▸ WHAT YOU SHOULD DO:
Write each line exactly as it stands, from the line containing "White cumulus clouds drift by in a gray sky." through the end of the data.

:: DATASET RECORDS ::

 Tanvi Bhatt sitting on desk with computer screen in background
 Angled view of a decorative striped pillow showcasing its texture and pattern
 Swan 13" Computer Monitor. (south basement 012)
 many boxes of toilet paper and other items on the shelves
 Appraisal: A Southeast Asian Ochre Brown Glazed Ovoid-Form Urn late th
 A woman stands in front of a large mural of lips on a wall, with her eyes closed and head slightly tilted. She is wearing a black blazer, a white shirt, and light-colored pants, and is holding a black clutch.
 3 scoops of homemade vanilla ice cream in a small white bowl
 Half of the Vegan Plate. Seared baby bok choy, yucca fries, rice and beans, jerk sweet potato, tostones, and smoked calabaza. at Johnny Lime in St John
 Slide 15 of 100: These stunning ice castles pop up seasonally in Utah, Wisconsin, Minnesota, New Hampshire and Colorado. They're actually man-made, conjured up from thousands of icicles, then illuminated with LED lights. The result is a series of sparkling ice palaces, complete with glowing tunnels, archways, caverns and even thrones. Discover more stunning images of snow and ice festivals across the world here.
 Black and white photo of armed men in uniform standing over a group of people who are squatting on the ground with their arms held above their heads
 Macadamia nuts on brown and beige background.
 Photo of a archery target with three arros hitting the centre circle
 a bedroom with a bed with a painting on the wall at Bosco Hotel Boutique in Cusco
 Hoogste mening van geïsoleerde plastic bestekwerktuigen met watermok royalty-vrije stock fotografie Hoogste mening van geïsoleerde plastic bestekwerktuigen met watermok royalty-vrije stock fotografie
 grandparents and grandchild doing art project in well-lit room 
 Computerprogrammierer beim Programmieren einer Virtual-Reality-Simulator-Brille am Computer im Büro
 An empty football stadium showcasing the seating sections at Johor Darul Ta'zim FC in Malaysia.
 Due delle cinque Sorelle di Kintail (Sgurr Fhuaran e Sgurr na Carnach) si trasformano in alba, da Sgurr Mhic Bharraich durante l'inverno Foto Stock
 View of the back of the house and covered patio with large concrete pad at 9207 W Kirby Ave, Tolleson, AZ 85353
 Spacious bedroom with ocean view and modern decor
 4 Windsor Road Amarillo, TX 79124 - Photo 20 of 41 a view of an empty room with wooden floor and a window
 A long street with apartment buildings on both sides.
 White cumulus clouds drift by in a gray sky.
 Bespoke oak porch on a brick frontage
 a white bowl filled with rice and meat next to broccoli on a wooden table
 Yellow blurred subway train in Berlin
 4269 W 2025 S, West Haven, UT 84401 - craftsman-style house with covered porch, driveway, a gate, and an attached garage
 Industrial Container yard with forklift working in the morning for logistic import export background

:::

▸ RESPONSE TO THE TASK:
 White cumulus clouds drift by in a gray sky.
 Bespoke oak porch on a brick frontage
 a white bowl filled with rice and meat next to broccoli on a wooden table
 Yellow blurred subway train in Berlin
 4269 W 2025 S, West Haven, UT 84401 - craftsman-style house with covered porch, driveway, a gate, and an attached garage
 Industrial Container yard with forklift working in the morning for logistic import export background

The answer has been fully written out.